• Fri. Apr 19th, 2024

An insight into celebrities’ struggles with mental health wellbeing

ByMolly Workman

Nov 25, 2018

As the winter that is the stigma surrounding mental health begins to thaw, individuals positioned in the centre of the public eye are volunteering accounts of their own internalised struggles in solidarity with mental health sufferers. Lady Gaga, Ryan Reynolds and Dwayne Johnson are just a few of the many influential celebrities at the forefront of the battle against suffering in silence.

Lady Gaga, whose real name is Stefani Germanotta, is renowned for her promotion of an inclusive discourse about mental illness, famously vocalising her own struggles with PTSD following sexual assault. Her candid speeches are as raw as they are genuine, conveying an earnest desire to aid the recovery of fellow survivors. In a speech for the SAG-AFTRA Foundation, after accepting the award for kindness, she implored that “we need to share our stories so that global mental health no longer resides and festers in darkness.”
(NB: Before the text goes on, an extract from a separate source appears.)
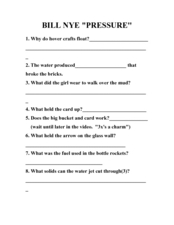 Bill Nye Pressure Video Worksheet By Jjms Tpt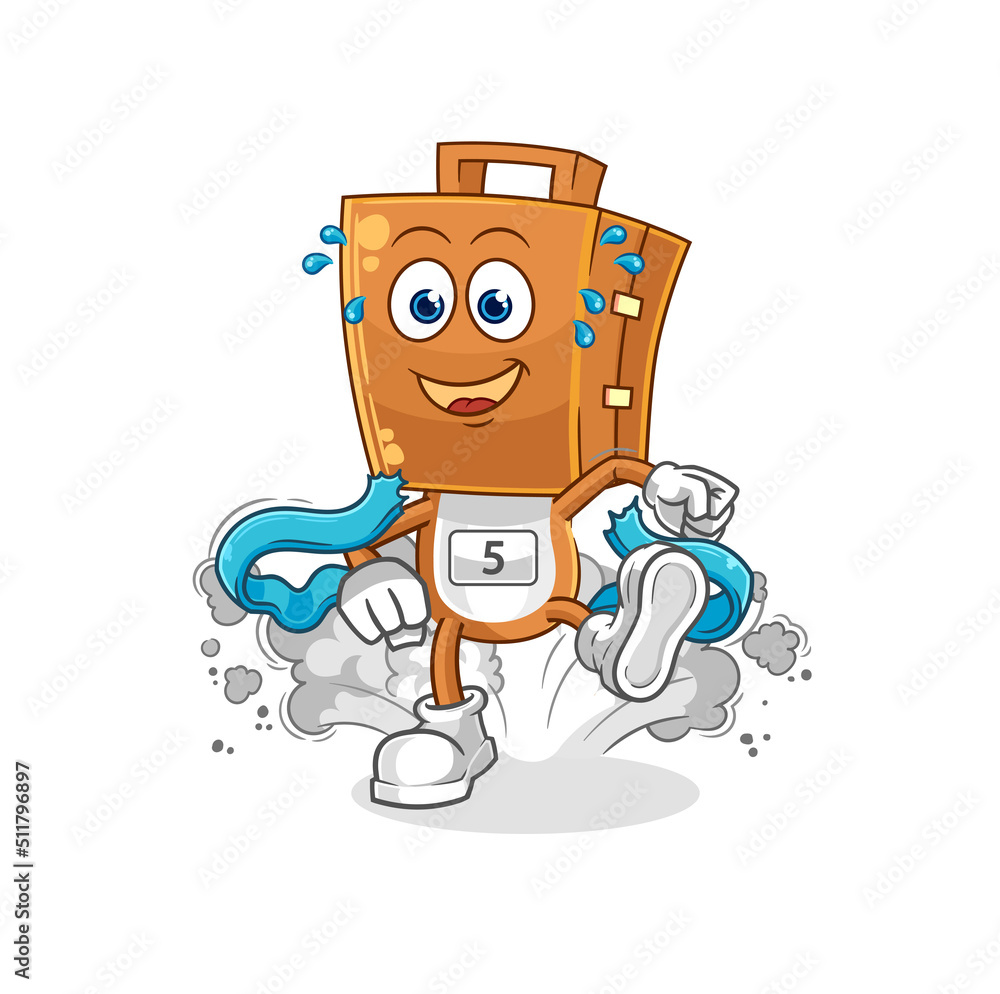 suitcase head runner character. cartoon mascot vector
In an interview with Mr. Porter’s Journal, Ryan Reynolds described his struggle with anxiety as a life-long battle. His acknowledgment that “everyone carries their own bag of rocks around”. with his personal burden stemming from a difficult childhood relationship with his “tough” late father, is an important sentiment made in solidarity with other people battling inner demons.

Other anxiety sufferers include Selena Gomez, Emma Stone, and Dwayne Johnson. Gomez’s battle with lupus has forced her to undergo chemotherapy and has plagued her with panic attacks and depression, whilst Stone and Johnson have both confessed that at times they have been so incapacitated by the crippling onslaught of anxiety that they were incapable of leaving their homes. Johnson’s popularised epithet, ‘The Rock’, is deceptive in its dehumanisation: he too, like many others, has faced the very human struggles of battling depression following his mother’s attempted suicide, disclosing that at certain points of his life he was “crying constantly.”

Prince Harry, too, has been inexorably affected by tragedy. When he was just twelve, news broke that his mother, Princess Diana, had been killed in a car crash. Her death was mourned globally, but for Harry, the task of facing the reality of her passing was a tribulation too monstrous to bear; he claims that he neglected to address his grief for two decades, choosing rather to avoid “thinking about [it].” He admits that the collaborative effect of bearing bereavement and living under the public eye’s incessant scrutiny has left him “very close to complete breakdown on numerous occasions.” Harry and the other celebrities are amongst the 450 million worldwide who suffer from mental illness.

Through publicising their struggles, celebrities can raise awareness for the cause and augment acceptance through normalisation. The opening of this invaluable channel of communication has afforded victims silenced by their internalised suffering the opportunity to regain their voices.